O alferes passava a ser retratado com características que permitissem uma leitura dos ideais deste novo regime. Em algumas imagens Tiradentes será retratado com cabelos e barbas longas, com vestimentas simples, mas por curiosidade, poderíamos nos perguntar se sua representação estaria de acordo com a realidade, pois em geral, prisioneiros têm seus cabelos e barbas raspados. Será que a construção desta imagem de Tiradentes, com cabelos e barbas longas, não tinha como intenção aproximá-lo da imagem de um Jesus, para uma maior assimilação da população, especialmente dos mais os humildes, ou seja, a população não conhecia Tiradentes, mas reconheceria nesta imagem características simbólicas comuns a do redentor ou salvador “Jesus Cristo”, o que implicava em ver a República também como redentora. Assim, Tiradentes passava a ter aceitação popular, seguindo a lógica, se Jesus Cristo era o Salvador das Nações, Tiradentes era o salvador da Pátria brasileira. O sacrifício como fenômeno caracterizava ambos com a libertação e conquista de uma nova realidade.
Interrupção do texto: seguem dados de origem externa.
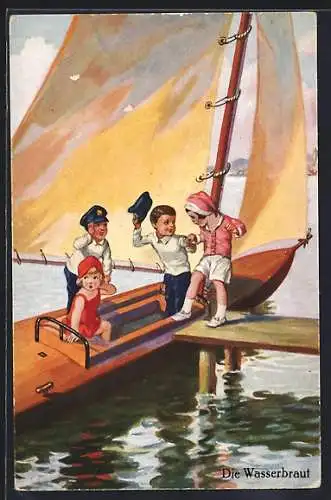 Künstler-AK Die Wasserbraut, Segelsport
A República foi proclamada há 122 anos, era então proclamada por um salvador, que nos permitira conquistar um novo regime e uma condição de país próspero e moderno. Consolidava-se portando a imagem ao fato histórico e se constituía a partir disto um símbolo, que torna praticamente impossível não pensarmos em Tiradentes como salvador da Pátria e herói nacional, como aparece abaixo:



Martírio de Tiradentes, óleo sobre tela 
de Francisco Aurélio de Figueiredo e Melo (1854 — 1916).

Existem historiadores (Como Kenneth Maxwell) que referenciam Tiradentes como um “bode expiatório”, pois afirmam que ele sendo Alferes (Sub-Tenente) não sabia por completo de todos os planos da Inconfidência Mineira e, portanto, não comandaria coronéis, militares e intelectuais que foram outros personagens que participaram da Inconfidência. Mas para República era importante recuperar alguns elementos de um fato como a Inconfidência e incorporá-la aos ideais de liberdade. Segundo Kenneth Maxwell (Maxwell, A devassa da devassa. p.220), “Tiradentes enfrentou a morte de forma bastante serena, clamando para si a responsabilidade da Inconfidência, defendendo Minas Gerais, livre e republicana”, perfil que se enquadrava perfeitamente as necessidades de construção da imagem e de uma identificação nacional para a população, que a República almejava consolidar.

A partir desse fato podemos dizer que para atender as aspirações da sociedade (mais propriamente dos mentores da República) a imagem de Tiradentes foi forjada e renovada continuamente para representá-la. Como nos dizia José Murilo de Carvalho (Carvalho, A Formação das Almas,p.41), “o segredo da vitalidade do herói talvez esteja afinal nessa ambiguidade, em resistências aos continuados esforços de esquartejamento de sua memória”.